Including on fisheries?
Especially on fisheries. It’s a highly political subject. In order to reach an agreement, everyone must remain calm and realistic.
On fishing, we’re very vigilant. No one among the ‘twenty-seven’ is questioning the principle that we need an agreement on everything – on trade issues, fair competition conditions and fisheries – to reach an agreement.
So the group of eight countries directly concerned by British waters is supported by the others?
Nobody wants to weaken that mandate.
Germany, which will take over the EU Council Presidency on 1 July, also has a very clear position. Everyone sees the importance of linking all the issues together.
That is the way to clearly protect our businesses, our fishermen, our farmers, but also our investors. I would remind you that 70% of the fish caught in British waters are exported to the European Union. They have no interest in closing their waters to French and European fishermen.
Nonetheless, no agreement would be brutal…
If the British can no longer export their fish to the EU on favourable conditions, they will suffer greatly. Everyone around the table knows very well that the stakes are shared. Negotiations are very different from the ones that prevailed until last February. Until then, we were in a political discussion with a very strong symbolic dimension: the UK’s exit from the European Union.
This is about the real economy, about the goods we trade. That is where the discussion should be placed.
As a precaution, you are probably preparing for the hypothesis of a non-agreement.

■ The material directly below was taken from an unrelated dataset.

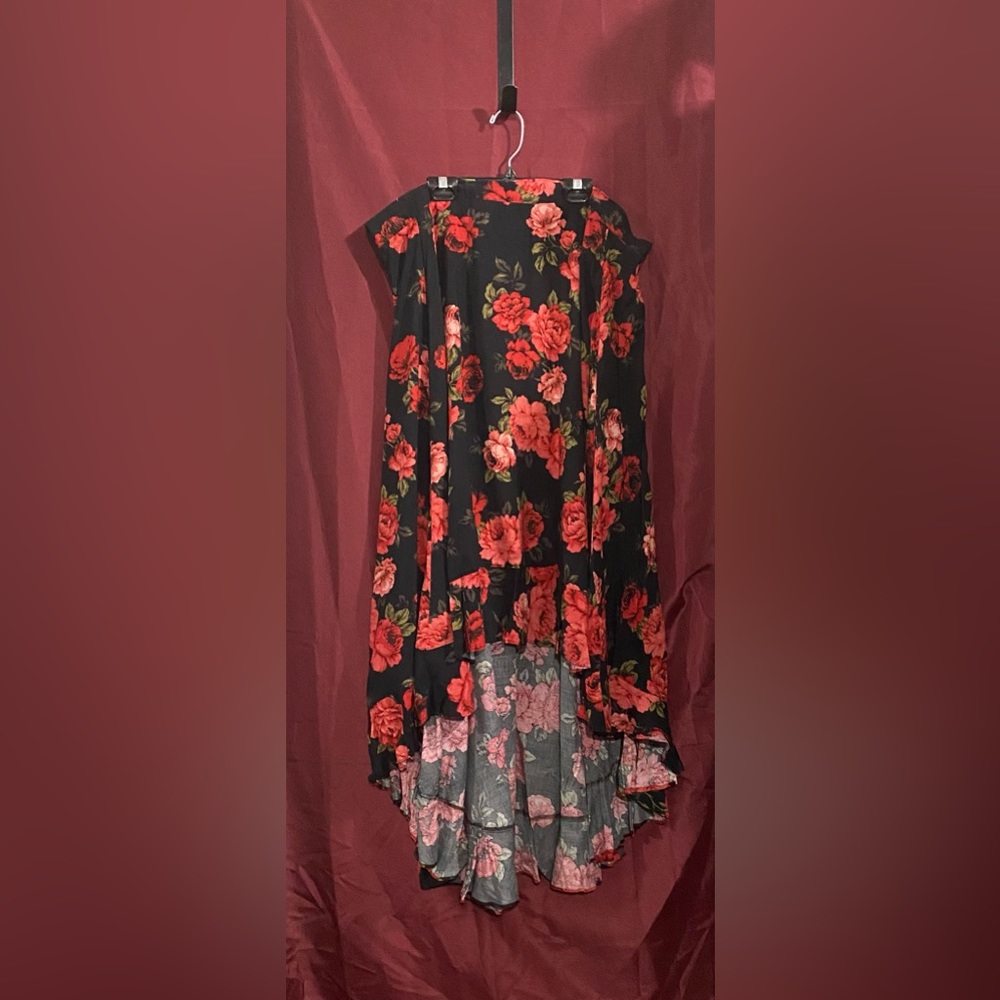 Torrid Floral Hi-Lo Skirt | Size 3 (22/24)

What is France preparing?
Three weeks ago, parliament gave the government permission to proceed by executive order if there is no agreement with the Brits on a number of issues, such as the Channel Tunnel, the protection of investors, the defence sector… We are also preparing all the necessary infrastructures. There will be border controls on goods and people.
With what plans?
At the European level, there are support schemes for sectors in difficulty. As we can see with the health crisis, we have the capacity at European level to release funds in emergency situations or to use existing funds, such as the EFFP [European maritime and fisheries fund] for fisheries for example.
If fishermen can no longer go to British waters on 1 January, do you mean there will be a safety net?
Yes, but my first scenario is an agreement.
The Brits would like an annual renegotiation. Is that acceptable to you?
No. We need predictability. We can’t leave an economic sector in a situation where every six months business is at risk. It would weigh on investment and the whole sector. The withdrawal agreement has already solved a lot of problems. We must reassure the French about real deadlines and avoid anxiety-provoking debates.
Nothing is going to change until 31 December, and given the time it takes to ratify an agreement, it is difficult to sign anything after the end of October.